MADISON, Wis. (12/8/15)--Credit unions should not opt-in to the settlement deal recently offered with regard to Home Depot and MasterCard, counsel representing financial institutions in the data breach case against Home Depot said during a conference call Monday.
Many financial institutions that have filed lawsuits against the retailer for the massive breach to hit its stores last year received letters from their card processors outlining vague details of a settlement negotiated between MasterCard and Home Depot.
But the details of how much Home Depot is willing to reimburse are unclear, leading counsel to urge financial institutions involved with the case to either opt-out of the settlement if prompted to do so, or to decline opting in. Multiple versions of the letter have been reported.
“Until Home Depot discloses all of the facts relating to its agreement with MasterCard, we recommend that financial institutions reject any settlement that requires them to release their claims in court and does not offer a significant reimbursement for their losses, beyond what they’re already entitled to,” said Joseph Guglielmo, lead counsel for financial institutions in the case.
Guglielmo said that the offers appear to fail to adequately reimburse credit unions for their losses. In fact, one credit union was promised operational reimbursement dollars of only $1.18 per qualified account, likely falling far short of operational losses caused by the breach.
Credit unions were hit with nearly $60 million in costs as a result of the breach, according to numbers compiled by CUNA.
Several iterations of the settlement letter gave fast-approaching deadlines by which financial institutions needed to make a decision on the settlement offer. If a credit union prematurely opted in, and now wishes not to do so, it should send a letter to rescind that decision, counsel said.
“The settlement uses MasterCard’s account data compromise (ADC) program to offer financial institutions partial recovery amounts for their losses sustained during the data breach,” Guglielmo said. “In exchange for this inadequate compensation, financial institutions are being asked to sign a release of all other claims against Home Depot.”
Gugliemlo added that the financial institutions that rejected similar offers from Target ultimately received significantly more reimbursement for the costs they incurred as a result of the breach.

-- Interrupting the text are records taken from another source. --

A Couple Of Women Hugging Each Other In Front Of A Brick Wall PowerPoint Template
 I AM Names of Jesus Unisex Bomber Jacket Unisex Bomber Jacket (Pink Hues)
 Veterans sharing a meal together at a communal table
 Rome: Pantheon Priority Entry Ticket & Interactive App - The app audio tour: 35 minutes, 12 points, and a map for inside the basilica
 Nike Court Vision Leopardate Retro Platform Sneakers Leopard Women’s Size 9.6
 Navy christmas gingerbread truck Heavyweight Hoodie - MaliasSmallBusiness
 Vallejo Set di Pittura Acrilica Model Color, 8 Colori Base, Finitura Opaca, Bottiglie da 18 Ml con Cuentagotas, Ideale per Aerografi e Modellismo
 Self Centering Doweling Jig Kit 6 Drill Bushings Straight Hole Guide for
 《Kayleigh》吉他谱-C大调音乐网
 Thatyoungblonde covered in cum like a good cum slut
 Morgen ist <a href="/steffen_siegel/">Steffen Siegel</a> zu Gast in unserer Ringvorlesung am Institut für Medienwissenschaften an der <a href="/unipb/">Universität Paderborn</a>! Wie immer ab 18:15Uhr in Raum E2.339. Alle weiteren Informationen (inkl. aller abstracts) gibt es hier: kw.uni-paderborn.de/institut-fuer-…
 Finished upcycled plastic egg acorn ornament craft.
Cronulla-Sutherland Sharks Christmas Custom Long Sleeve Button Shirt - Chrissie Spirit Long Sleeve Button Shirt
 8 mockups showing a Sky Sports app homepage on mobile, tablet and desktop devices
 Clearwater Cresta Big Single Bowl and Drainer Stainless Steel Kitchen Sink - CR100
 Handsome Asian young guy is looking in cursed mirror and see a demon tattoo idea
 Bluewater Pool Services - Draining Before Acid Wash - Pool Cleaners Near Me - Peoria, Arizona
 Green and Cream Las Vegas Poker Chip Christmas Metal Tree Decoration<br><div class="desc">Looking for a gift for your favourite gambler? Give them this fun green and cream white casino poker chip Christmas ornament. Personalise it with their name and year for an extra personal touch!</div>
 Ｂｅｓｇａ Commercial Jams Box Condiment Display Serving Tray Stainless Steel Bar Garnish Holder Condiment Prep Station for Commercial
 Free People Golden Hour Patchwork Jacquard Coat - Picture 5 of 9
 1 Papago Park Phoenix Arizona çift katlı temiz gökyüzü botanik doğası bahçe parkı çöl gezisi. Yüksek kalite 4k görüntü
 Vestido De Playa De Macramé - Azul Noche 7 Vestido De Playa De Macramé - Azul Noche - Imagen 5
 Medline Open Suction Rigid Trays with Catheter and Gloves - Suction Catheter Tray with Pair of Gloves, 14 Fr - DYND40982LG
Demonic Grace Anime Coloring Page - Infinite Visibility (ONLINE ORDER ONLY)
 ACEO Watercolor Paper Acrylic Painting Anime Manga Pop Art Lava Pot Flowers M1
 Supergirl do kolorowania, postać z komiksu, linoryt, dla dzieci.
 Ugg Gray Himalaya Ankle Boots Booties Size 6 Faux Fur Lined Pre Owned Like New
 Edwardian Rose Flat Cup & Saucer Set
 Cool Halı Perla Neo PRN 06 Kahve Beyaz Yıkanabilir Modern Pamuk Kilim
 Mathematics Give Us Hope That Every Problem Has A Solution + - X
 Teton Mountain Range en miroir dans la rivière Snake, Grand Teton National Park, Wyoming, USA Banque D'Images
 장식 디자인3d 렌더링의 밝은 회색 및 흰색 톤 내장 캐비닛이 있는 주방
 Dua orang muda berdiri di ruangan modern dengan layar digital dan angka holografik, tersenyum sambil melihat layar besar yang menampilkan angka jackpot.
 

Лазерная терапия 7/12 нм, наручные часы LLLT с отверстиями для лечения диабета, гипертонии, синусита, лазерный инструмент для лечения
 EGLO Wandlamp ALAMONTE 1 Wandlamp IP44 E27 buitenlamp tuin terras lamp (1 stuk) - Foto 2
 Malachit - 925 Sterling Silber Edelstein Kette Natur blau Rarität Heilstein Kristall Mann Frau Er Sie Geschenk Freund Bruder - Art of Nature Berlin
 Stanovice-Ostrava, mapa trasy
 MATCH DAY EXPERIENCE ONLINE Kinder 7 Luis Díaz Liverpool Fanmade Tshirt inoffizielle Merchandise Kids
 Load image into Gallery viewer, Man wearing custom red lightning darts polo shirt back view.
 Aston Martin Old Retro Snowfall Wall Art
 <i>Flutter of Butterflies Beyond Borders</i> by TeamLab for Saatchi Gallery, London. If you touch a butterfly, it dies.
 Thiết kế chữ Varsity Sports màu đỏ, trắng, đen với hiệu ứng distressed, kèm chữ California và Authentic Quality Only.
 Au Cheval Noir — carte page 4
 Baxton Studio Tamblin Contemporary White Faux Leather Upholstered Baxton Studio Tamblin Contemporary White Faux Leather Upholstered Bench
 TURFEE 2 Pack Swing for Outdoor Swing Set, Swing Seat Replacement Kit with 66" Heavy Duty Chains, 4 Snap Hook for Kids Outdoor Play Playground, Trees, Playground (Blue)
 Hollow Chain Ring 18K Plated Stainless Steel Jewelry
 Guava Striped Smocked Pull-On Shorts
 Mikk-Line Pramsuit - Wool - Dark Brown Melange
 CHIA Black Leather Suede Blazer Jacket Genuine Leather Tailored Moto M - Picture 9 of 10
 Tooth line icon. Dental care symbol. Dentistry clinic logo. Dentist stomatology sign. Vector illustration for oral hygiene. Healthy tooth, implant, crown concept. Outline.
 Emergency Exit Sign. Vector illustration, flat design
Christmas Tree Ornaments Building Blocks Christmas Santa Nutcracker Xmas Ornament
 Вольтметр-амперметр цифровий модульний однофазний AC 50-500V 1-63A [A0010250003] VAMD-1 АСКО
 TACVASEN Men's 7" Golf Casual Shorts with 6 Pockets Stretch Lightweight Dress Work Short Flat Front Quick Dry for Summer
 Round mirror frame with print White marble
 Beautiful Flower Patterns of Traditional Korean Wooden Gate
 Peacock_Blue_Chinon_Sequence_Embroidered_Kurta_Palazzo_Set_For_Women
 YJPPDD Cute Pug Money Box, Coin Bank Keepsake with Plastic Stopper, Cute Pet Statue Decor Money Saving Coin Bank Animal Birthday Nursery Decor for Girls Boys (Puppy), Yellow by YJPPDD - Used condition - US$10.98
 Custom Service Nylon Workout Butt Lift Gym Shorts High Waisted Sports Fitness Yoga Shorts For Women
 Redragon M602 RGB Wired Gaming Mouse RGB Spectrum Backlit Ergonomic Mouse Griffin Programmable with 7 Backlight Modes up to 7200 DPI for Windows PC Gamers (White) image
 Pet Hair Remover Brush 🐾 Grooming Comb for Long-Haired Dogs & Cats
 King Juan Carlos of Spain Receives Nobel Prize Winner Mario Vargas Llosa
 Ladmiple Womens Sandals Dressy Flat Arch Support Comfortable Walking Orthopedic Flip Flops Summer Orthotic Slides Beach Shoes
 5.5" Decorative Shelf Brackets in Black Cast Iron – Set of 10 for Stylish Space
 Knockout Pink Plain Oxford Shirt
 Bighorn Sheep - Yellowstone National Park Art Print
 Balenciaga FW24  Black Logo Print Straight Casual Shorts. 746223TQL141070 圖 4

“The settlement agreement announced last week in the litigation over Target’s data breach was a settlement agreement that was reached with financial institutions that did not opt in to the original ADC program,” Gugliemlo added. “That settlement, we believe, established that financial institutions do not need to accept the first offer they receive from these card brands.”
Target recently settled with financial institutions for nearly $40 million.
CUNA continues to urge lawmakers to tighten the data security standards imposed on retailers. Until retailers face the same strict standards that financial institutions are beholden to, critical gaps in the payments network will persist.